UNIVERSITY PARK, Pa. — Researchers from the College of Information Sciences and Technology are taking steps to address the alarming rate of suicides among indebted farmers in India, by developing a deep-learning algorithm as the first step in a decision-support system that could predict future market values of crops.

More than 11,000 Indian farmers committed suicide in 2016, according to the National Crime Records Bureau.

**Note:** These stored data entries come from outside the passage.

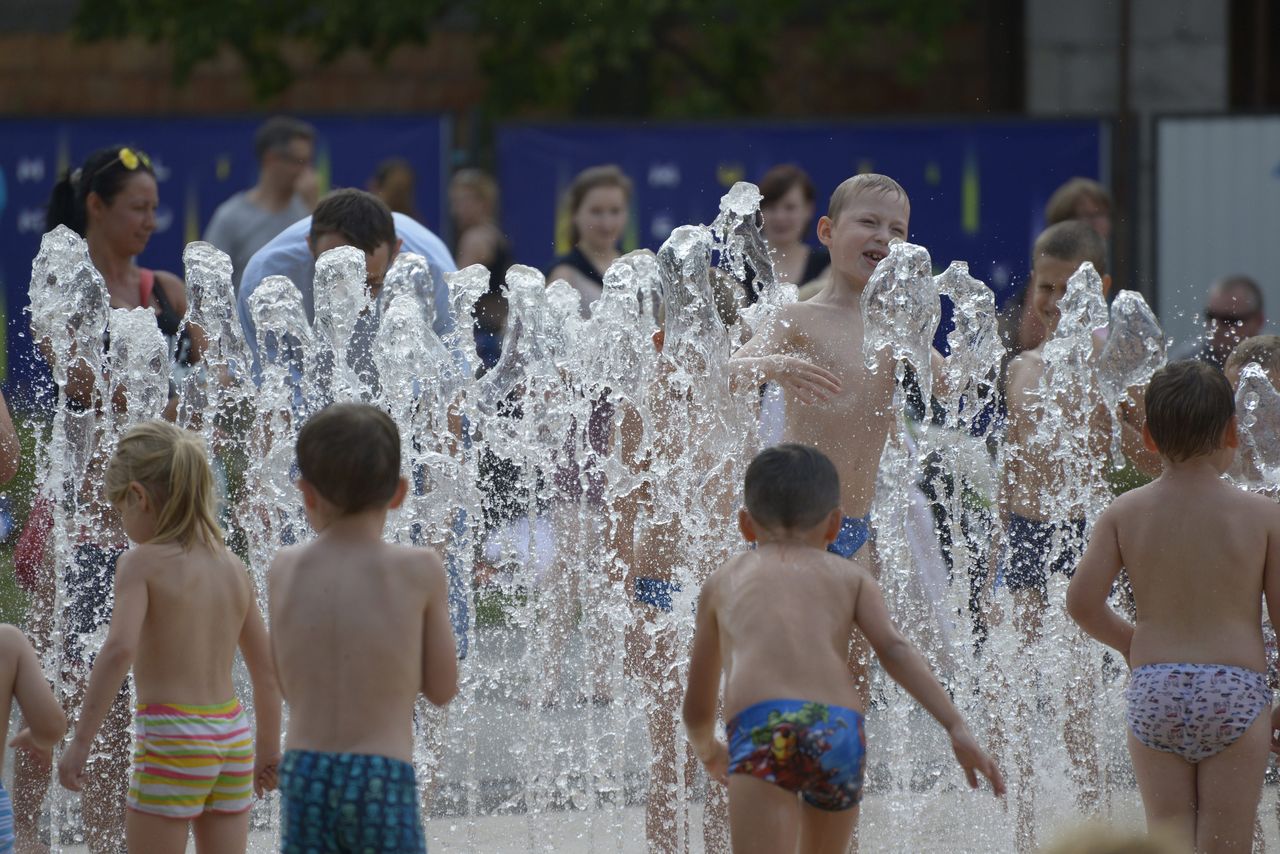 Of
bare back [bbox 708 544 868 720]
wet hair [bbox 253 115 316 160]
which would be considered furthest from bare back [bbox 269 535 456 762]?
wet hair [bbox 253 115 316 160]

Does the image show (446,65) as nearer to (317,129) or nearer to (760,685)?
(317,129)

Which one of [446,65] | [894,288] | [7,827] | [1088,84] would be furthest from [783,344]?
[446,65]

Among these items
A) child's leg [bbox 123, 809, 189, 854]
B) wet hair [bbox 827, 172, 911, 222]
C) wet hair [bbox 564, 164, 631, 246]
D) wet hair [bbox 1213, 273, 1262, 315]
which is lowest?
child's leg [bbox 123, 809, 189, 854]

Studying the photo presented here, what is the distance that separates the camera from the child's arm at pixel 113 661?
327 cm

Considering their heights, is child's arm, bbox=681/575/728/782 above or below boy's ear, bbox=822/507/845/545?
below

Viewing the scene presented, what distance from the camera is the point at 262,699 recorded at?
3482 mm

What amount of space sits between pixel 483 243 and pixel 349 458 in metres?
5.18

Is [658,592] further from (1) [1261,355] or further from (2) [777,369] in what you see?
(1) [1261,355]

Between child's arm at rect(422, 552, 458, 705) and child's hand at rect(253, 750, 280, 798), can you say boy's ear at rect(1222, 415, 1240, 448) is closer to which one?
child's arm at rect(422, 552, 458, 705)

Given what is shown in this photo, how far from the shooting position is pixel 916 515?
200 inches

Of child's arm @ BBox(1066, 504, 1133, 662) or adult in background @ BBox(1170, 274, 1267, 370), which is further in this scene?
adult in background @ BBox(1170, 274, 1267, 370)

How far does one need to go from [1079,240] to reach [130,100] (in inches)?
403

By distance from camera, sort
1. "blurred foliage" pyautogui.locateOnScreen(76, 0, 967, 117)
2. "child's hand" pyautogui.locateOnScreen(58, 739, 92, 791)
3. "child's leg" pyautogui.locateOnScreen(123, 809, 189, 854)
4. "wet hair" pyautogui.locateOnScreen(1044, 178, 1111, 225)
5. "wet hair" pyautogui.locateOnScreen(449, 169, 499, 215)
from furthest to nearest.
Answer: "blurred foliage" pyautogui.locateOnScreen(76, 0, 967, 117) → "wet hair" pyautogui.locateOnScreen(449, 169, 499, 215) → "wet hair" pyautogui.locateOnScreen(1044, 178, 1111, 225) → "child's leg" pyautogui.locateOnScreen(123, 809, 189, 854) → "child's hand" pyautogui.locateOnScreen(58, 739, 92, 791)

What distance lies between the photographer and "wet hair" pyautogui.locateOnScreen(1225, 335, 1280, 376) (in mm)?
4395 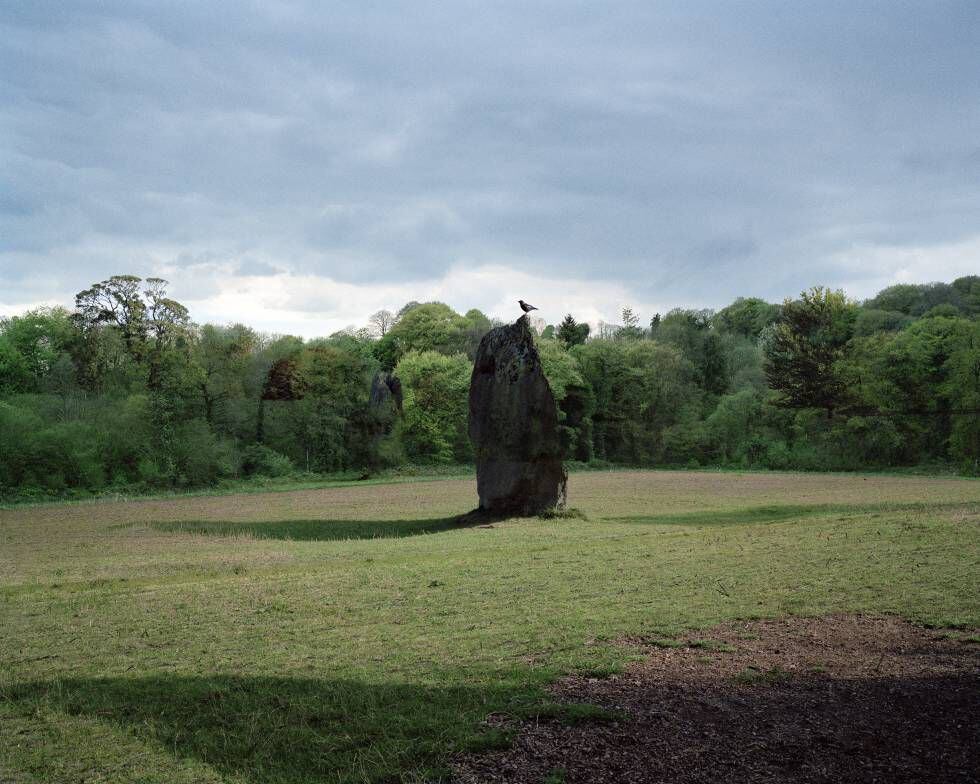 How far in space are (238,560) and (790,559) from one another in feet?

While the high rate of self-inflicted fatalities could be attributed to a number of reasons, financial distress and inability to sell crops due to widespread fluctuation in the country’s produce market prices is among them, according to Amulya Yadav, assistant professor of information sciences and technology and principal investigator on the project.

“In India, the government has set minimum support prices for crops, but does not try to explicitly force these prices upon the buyers,” said Yadav. “The actual price at which the crop sells at market is based on supply and demand.”

Yadav explained that many Indian farmers take out loans to buy seeds, fertilizer and equipment, and to transport their harvest to market. But if the farmers are unable to sell their crops at minimum support prices, they can’t pay back their loans or make a profit to sustain themselves — leading to financial distress.

Government markets will buy crops at the minimum support prices, but these markets are sometimes far away from farmers’ villages, which adds transportation and fuel costs. Yadav also notes that there are often long lines at the markets and that the government will only buy a limited quota.

“So the remaining people will have to go back, and they’ve wasted a lot of money,” he said. “They end up selling their crops to third-party vendors that don’t guarantee minimum support prices, and [the farmers] don’t make a profit.”

Yadav is aiming to improve the lives of farmers by helping them predict future market prices. The algorithm that his team developed can accurately predict future market prices based on past pricing and volume patterns.

“This system assumes that you’re trying to maximize the profit of a single farmer,” said Yadav. “We’re trying to make a prediction to him or her as to where and when they should sell their crop.”

He continued, “Instead of selling their crops on the very next day after harvest in the local market, this algorithm could potentially give a recommendation that they should wait five days and travel 40 kilometers to a different market, where the prices are predicted to be very high.”

To create the algorithm, Yadav and his team analyzed data records of more than 1,300 Indian markets from the past 11 years, which included maximum and minimum prices of every crop sold in each market. Then, they developed a deep learning model to find useful patterns from that data. The team’s studies show that their model performs better than the current standard.  

“This gives us hope that we are now going to go ahead and try to build the entire system that we envision,” said Yadav. “Once the system gets built, we are hopeful that it can help farmers maximize the profits that they earn. And hopefully as an indirect benefit lead to fewer farmer suicides in India and in other countries around the world.”

Yadav worked with Alexander Woodruff, 2019 graduate of Penn State in information sciences and technology, and Hangzhi Guo, an undergraduate student at Wenzhou Kean University. They presented their research at the Association for the Advancement of Artificial Intelligence Conference on AI earlier this month.